PROVIDED DATA below:

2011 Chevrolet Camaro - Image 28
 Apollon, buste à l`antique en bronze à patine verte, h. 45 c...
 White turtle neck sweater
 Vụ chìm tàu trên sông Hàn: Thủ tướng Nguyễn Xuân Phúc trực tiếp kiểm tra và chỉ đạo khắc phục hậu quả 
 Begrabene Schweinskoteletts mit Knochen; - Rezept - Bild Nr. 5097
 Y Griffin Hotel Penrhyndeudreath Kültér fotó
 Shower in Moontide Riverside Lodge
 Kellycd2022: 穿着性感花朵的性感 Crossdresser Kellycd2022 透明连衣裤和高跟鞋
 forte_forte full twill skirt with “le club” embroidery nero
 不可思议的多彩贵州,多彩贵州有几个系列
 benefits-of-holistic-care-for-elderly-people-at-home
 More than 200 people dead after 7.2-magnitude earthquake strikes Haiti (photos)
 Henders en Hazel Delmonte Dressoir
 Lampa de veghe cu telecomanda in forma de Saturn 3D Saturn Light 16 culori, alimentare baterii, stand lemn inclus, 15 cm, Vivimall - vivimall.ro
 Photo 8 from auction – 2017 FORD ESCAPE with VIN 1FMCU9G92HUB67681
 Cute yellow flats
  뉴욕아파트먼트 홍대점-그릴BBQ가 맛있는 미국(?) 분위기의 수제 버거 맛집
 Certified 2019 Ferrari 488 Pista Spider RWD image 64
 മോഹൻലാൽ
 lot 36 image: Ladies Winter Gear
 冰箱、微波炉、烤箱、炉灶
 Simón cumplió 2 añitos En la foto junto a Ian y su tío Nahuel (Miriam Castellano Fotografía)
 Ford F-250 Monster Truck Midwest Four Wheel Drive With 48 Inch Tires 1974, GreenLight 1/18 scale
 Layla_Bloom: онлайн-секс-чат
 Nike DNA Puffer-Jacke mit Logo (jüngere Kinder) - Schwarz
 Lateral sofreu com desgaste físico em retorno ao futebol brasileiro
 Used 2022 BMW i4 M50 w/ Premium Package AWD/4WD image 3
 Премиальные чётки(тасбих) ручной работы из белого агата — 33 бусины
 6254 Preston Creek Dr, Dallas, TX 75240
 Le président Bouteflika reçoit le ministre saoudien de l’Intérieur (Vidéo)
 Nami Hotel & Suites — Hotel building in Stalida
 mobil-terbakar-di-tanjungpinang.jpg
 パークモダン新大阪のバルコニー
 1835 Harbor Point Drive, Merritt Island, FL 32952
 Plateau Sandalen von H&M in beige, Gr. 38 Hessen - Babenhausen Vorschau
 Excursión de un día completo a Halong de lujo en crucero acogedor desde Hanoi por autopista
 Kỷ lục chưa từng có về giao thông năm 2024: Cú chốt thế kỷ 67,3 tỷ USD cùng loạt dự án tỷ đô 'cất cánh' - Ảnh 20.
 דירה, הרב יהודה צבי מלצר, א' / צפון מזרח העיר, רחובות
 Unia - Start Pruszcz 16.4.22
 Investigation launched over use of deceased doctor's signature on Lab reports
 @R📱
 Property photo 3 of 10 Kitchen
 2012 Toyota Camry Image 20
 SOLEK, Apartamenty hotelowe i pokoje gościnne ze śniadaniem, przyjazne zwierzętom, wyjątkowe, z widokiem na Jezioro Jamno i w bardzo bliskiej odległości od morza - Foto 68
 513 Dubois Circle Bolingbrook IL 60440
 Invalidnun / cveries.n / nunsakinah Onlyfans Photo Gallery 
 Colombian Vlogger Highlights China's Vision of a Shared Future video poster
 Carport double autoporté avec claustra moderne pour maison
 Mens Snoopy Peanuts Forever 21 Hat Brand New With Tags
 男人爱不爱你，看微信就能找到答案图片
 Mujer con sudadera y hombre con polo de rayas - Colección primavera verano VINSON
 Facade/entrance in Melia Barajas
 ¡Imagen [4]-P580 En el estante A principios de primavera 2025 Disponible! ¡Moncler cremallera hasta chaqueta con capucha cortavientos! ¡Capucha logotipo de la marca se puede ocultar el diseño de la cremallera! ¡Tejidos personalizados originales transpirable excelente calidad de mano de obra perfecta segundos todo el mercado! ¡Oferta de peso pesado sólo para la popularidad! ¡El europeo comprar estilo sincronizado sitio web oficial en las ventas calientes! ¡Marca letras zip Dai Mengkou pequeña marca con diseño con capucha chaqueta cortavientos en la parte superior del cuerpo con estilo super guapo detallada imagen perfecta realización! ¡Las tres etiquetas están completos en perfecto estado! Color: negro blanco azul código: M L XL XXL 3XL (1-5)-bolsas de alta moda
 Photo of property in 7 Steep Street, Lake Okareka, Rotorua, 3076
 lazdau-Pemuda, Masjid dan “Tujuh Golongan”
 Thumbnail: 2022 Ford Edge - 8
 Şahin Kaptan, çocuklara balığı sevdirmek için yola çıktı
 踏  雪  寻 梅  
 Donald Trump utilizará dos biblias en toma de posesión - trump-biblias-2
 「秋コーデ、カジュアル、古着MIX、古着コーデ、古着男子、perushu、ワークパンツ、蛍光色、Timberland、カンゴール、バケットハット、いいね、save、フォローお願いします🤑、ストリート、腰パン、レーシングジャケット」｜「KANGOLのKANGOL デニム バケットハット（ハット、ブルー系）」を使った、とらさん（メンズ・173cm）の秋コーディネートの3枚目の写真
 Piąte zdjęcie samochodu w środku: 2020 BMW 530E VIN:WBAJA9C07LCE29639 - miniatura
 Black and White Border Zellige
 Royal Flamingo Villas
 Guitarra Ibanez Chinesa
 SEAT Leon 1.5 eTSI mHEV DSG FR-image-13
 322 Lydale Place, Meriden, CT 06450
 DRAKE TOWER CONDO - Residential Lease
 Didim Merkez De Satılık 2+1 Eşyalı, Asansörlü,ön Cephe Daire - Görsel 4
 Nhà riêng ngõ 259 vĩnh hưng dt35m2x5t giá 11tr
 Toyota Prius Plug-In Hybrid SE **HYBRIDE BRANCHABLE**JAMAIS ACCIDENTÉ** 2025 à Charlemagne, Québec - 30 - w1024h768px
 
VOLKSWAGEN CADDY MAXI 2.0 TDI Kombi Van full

End of PROVIDED DATA.

• [TASK REQUIREMENTS]:
In the listing above, locate the line containing "1835 Harbor Point" and the line containing "Property photo 3 of 10 Kitchen". Transcribe those two lines and everything between them, exactly as written.

• [ANSWER TO THE EXERCISE]:
 1835 Harbor Point Drive, Merritt Island, FL 32952
 Plateau Sandalen von H&M in beige, Gr. 38 Hessen - Babenhausen Vorschau
 Excursión de un día completo a Halong de lujo en crucero acogedor desde Hanoi por autopista
 Kỷ lục chưa từng có về giao thông năm 2024: Cú chốt thế kỷ 67,3 tỷ USD cùng loạt dự án tỷ đô 'cất cánh' - Ảnh 20.
 דירה, הרב יהודה צבי מלצר, א' / צפון מזרח העיר, רחובות
 Unia - Start Pruszcz 16.4.22
 Investigation launched over use of deceased doctor's signature on Lab reports
 @R📱
 Property photo 3 of 10 Kitchen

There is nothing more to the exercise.